Provide an exact reproduction of every entry.

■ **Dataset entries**
§
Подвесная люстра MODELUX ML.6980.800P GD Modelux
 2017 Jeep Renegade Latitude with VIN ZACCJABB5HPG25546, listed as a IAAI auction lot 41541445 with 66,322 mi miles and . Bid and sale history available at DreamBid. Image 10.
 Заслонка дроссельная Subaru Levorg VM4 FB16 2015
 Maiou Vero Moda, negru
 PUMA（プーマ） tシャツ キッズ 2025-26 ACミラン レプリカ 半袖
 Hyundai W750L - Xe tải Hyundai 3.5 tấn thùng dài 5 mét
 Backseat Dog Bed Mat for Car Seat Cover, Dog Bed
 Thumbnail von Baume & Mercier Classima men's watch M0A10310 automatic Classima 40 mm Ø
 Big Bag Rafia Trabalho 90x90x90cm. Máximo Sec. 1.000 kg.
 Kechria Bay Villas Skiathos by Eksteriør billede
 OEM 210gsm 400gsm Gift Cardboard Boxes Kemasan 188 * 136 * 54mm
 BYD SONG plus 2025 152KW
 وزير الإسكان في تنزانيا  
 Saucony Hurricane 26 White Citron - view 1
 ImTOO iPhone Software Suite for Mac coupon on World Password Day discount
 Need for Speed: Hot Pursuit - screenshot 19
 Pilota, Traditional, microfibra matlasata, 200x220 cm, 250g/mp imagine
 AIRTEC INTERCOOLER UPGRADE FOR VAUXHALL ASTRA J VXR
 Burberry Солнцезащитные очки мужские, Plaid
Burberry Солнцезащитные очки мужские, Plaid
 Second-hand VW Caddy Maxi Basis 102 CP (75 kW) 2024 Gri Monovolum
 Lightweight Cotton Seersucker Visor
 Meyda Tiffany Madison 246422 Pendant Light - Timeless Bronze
§
■ **RESULT OF THIS TASK**
Подвесная люстра MODELUX ML.6980.800P GD Modelux
 2017 Jeep Renegade Latitude with VIN ZACCJABB5HPG25546, listed as a IAAI auction lot 41541445 with 66,322 mi miles and . Bid and sale history available at DreamBid. Image 10.
 Заслонка дроссельная Subaru Levorg VM4 FB16 2015
 Maiou Vero Moda, negru
 PUMA（プーマ） tシャツ キッズ 2025-26 ACミラン レプリカ 半袖
 Hyundai W750L - Xe tải Hyundai 3.5 tấn thùng dài 5 mét
 Backseat Dog Bed Mat for Car Seat Cover, Dog Bed
 Thumbnail von Baume & Mercier Classima men's watch M0A10310 automatic Classima 40 mm Ø
 Big Bag Rafia Trabalho 90x90x90cm. Máximo Sec. 1.000 kg.
 Kechria Bay Villas Skiathos by Eksteriør billede
 OEM 210gsm 400gsm Gift Cardboard Boxes Kemasan 188 * 136 * 54mm
 BYD SONG plus 2025 152KW
 وزير الإسكان في تنزانيا  
 Saucony Hurricane 26 White Citron - view 1
 ImTOO iPhone Software Suite for Mac coupon on World Password Day discount
 Need for Speed: Hot Pursuit - screenshot 19
 Pilota, Traditional, microfibra matlasata, 200x220 cm, 250g/mp imagine
 AIRTEC INTERCOOLER UPGRADE FOR VAUXHALL ASTRA J VXR
 Burberry Солнцезащитные очки мужские, Plaid
Burberry Солнцезащитные очки мужские, Plaid
 Second-hand VW Caddy Maxi Basis 102 CP (75 kW) 2024 Gri Monovolum
 Lightweight Cotton Seersucker Visor
 Meyda Tiffany Madison 246422 Pendant Light - Timeless Bronze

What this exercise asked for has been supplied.